Тем из матросов, которые аллегорий его не понимали, Андрюшкин уже прямо разъяснял, что смерти бояться не надо, а если кто-то по глупости в непонимании своём упорствовал, он просто бил его кулаком по лицу.

Со временем через офицерских вестовых эта странная философия просочилась до кают-компании, однако и там её никто особо не оценил. Мичмана Домашенко на «Азове» любили, а после его самоотверженного поступка вокруг памяти о нём сложился до известной степени культ. Юношу всем было жалко до слёз, и поэтические рассуждения одного из нижних чинов не нашли поклонников среди тех, кому вот-вот предстояло вести команду в тяжёлое сражение. Матросы же за спиной у Андрюшкина коротко и ясно говорили про него:

– Гадина.

Через месяц после гибели двух моряков у Сицилии русские корабли в составе объединённой с англичанами и французами эскадры приняли очень неравный бой в Наваринской бухте, и в самый критический момент Андрюшкин уберёг весь «Азов» от поражения именно потому, что не ставил смерть ни во что.

Российский флагман, стоя правым бортом к неприятелю, принимал огонь сразу пяти турецких и египетских фрегатов. Обрушившийся на правый борт «Азова» шквал ядер, книппелей и картечи повредил лафеты сразу у трёх орудий. Пушки эти перестали откатываться внутрь нижней палубы и замерли стволами наружу. Зарядить их для нового выстрела не было никакой возможности. «Азов» потерял серьёзную часть огневой мощи с правого борта. Разворачиваться к противнику левым бортом означало при этих условиях погубить корабль. Османы за время такого маневра отправили бы наш флагман на дно.

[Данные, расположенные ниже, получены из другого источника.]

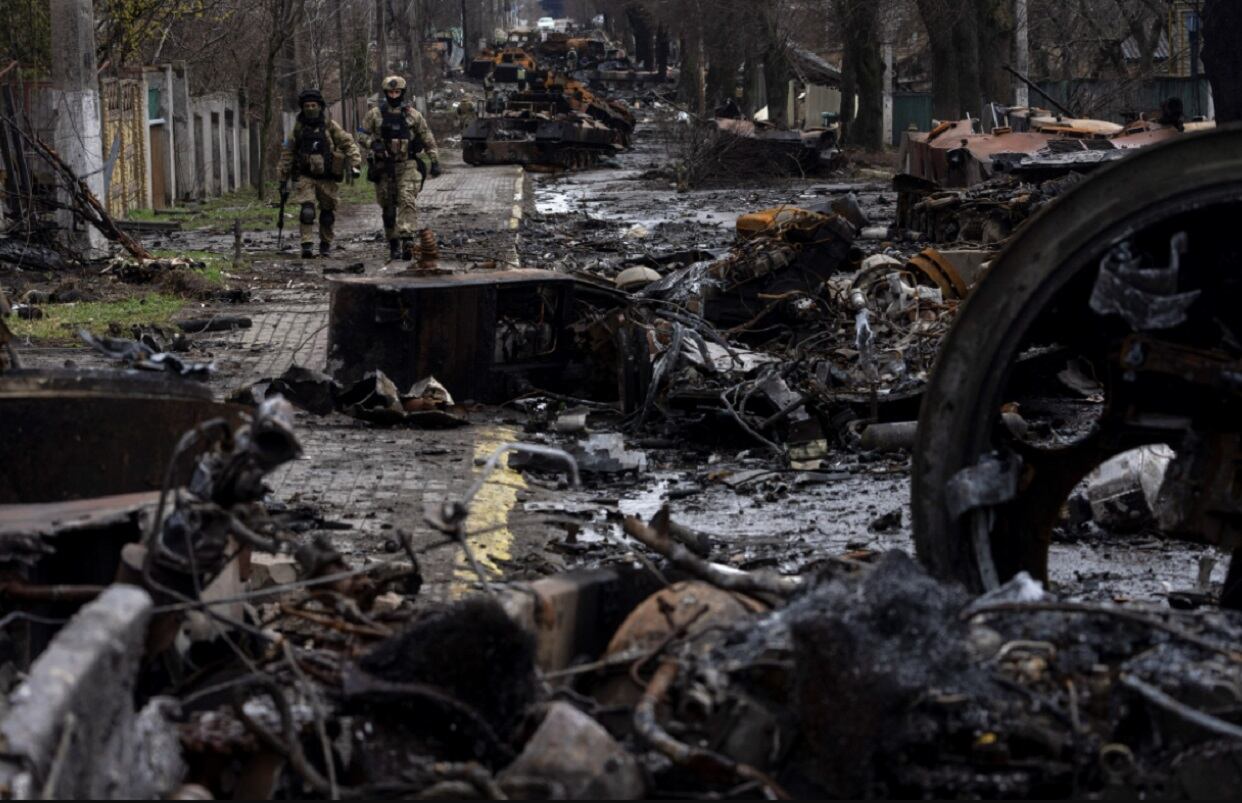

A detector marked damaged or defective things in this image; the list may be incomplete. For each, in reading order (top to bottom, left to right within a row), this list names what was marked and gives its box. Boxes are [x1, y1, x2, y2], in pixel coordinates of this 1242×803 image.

Вот в этот момент Андрюшкин, не дожидаясь никакого приказа, обвязался верёвкой и спустился с верхней палубы по внешнему борту на узкий карниз, расположенный под пушечными портами. Для турецких канониров он был как жук на мягкой подушечке, которого надо только пришпилить булавкой – и будет отличный экспонат в коллекцию натуралиста. Щепа от бортов летела во все стороны, секла его не хуже картечи. Раскалённое железо с воем рвало обшивку. Смерть ходила вокруг ходуном.

Андрюшкин под этим огнём безмятежно, словно никакого боя и не было, дождался, когда ему спустят заряды, снарядил ими все заклинившие на лафетах орудия, и вторым уже выстрелом канониры с «Азова» каким-то чудом угодили в крюйт-камеру турка. Османский фрегат праздничным фейерверком разнесло по всей бухте, Андрюшкин же, вернувшись на палубу, первым делом огрел матроса, который сдуру полез к нему обниматься вместо того, чтобы поливать из ведра, как было приказано, тлевший от вражеского огня настил.

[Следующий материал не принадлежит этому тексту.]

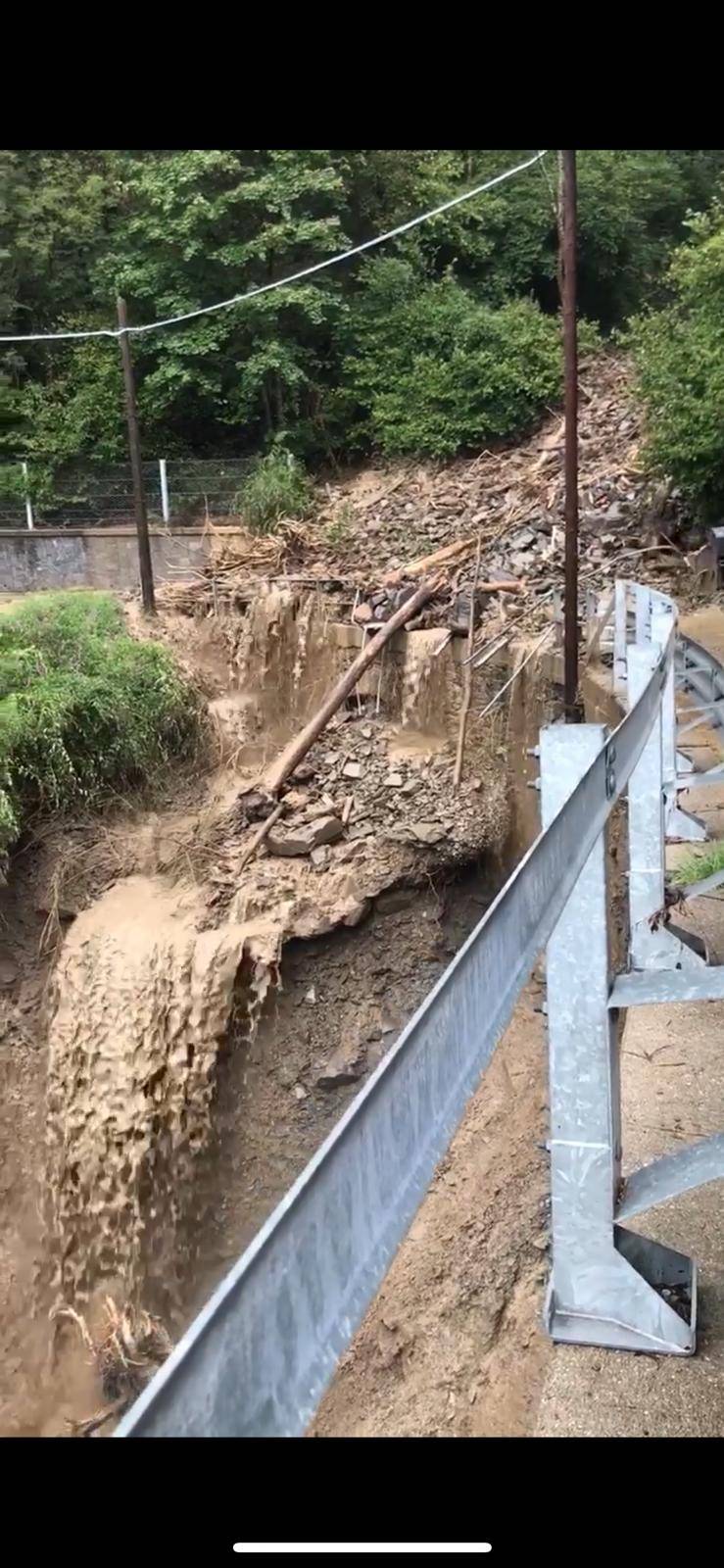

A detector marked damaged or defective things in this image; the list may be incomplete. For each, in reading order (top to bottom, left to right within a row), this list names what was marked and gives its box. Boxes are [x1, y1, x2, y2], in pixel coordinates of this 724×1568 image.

Закончив свой рассказ об отчаянном бесстрашии боцмана, Невельской оглянулся и посмотрел в сторону трапа, который вёл на верхнюю палубу. Однако великий князь явно не спешил покидать трюм.

– Какая удивительная история, – задумчиво сказал он. – И какой удивительный человек... Хотя, помнится, матросов он бил действительно очень жестоко... Но, вы знаете, Геннадий Иванович, слушая вас, вот эту его conception о нераздельности всего сущего до момента рождения и после смерти, знаете ли, о чём я подумал?

– Никак нет, Константин Николаевич. О чём же?

– Я подумал, что это многое объясняет.

– Что, например?

– Ну... Потребность человека в любви. И не только в любви – даже в обыкновенной дружбе... Не потому ли нам отвратительно одиночество, что в глубине души мы не желаем быть отдельными существами? Отдельными друг от друга. Что если мы невольно скучаем по тем временам, когда все мы были единым целым – тем самым морем, к примеру, о котором толковал этот ваш удивительный боцман? Вы не задумывались об этом?

– Не приходилось, Ваше Императорское Высочество. Мне кажется, нам пора наверх. Скоро к обеду свистеть будут.»